Preserved pDC-mediated HIV suppression in EC.

In order to analyze the capability of pDCs to reduce HIV production, we designed a coculture system using pDCs from 7 EC, 8 VIR, and 7 HD subjects as effector cells and HIV-infected H9 T cells (23, 25) as target cells. The EC included in these experiments were all naive for ART and had a time from diagnosis of over 5 years. First, we analyzed unstimulated pDCs (Fig. 2A) cocultured with H9 T cells. Because H9 T cells produce HIV-1 particles, pDCs should be activated during the 5 days of coculture. We observed that pDCs from EC subjects were able to induce levels of viral suppression similar to those of pDCs from HD subjects, while pDCs from VIR subjects were not able to reduce viral production in H9 T cells. Interestingly, when pDCs were previously stimulated with CpG (Fig. 2B), we did not observed any difference among the groups. pDCs from VIR subjects responded as well as pDCs from HD or EC subjects by inducing similar levels of viral suppression.

Fig 2.

Fig 2

pDC-mediated suppression of HIV production in H9 T cells. Purified pDCs from 7 HD, 7 EC, and 8 VIR subjects were plated overnight at 5 × 104 pDCs/well with or without CpG and cocultured in the presence of HIV-infected T cells. After 5 days of coculture, amounts of p24 and IFN-α in the supernatants were measured by an ELISA. (A and B) Effects of unstimulated (A) and CpG-stimulated (B) pDCs on HIV-infected T cell line virus production. The index of suppression by pDCs is expressed as the difference of log HIV p24 production between the culture containing T cells alone and the coculture of T cells and pDCs [index of suppression = log HIV p24 (T cells) − log HIV p24 (T cells + pDCs)]. (C and D) IFN-α production measured in the supernatants of the coculture. (E) Implication of IFN-α in pDC-mediated viral suppression. IFN-α produced by pDCs was partially neutralized by the addition of an anti-IFN-α antibody. Data are representative of 5 different experiments (pDCs from 3 HD and 2 EC subjects). (F) Blocking of endocytosis by the addition of CQ at 1 μM to wells of CpG-stimulated pDCs. Data are representative of 7 different experiments (pDCs from 2 HD, 1 EC, and 4 VIR subjects). P values were determined by using a Mann-Whitney U test. ns, not significant (a P value of <0.05 was considered statistically significant); *, P < 0.05; **, P < 0.005.

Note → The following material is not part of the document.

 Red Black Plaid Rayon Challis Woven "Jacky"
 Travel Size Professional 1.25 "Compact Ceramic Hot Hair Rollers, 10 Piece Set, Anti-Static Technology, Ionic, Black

These data are in accordance with IFN-α production (Fig. 2C); pDCs from HD and EC subjects produced 100-fold more IFN-α than did pDCs from VIR subjects when pDCs were not previously stimulated. On the other hand, there were no differences in IFN-α production by pDCs among the different groups when pDCs were previously stimulated with TLR-9 (Fig. 2D).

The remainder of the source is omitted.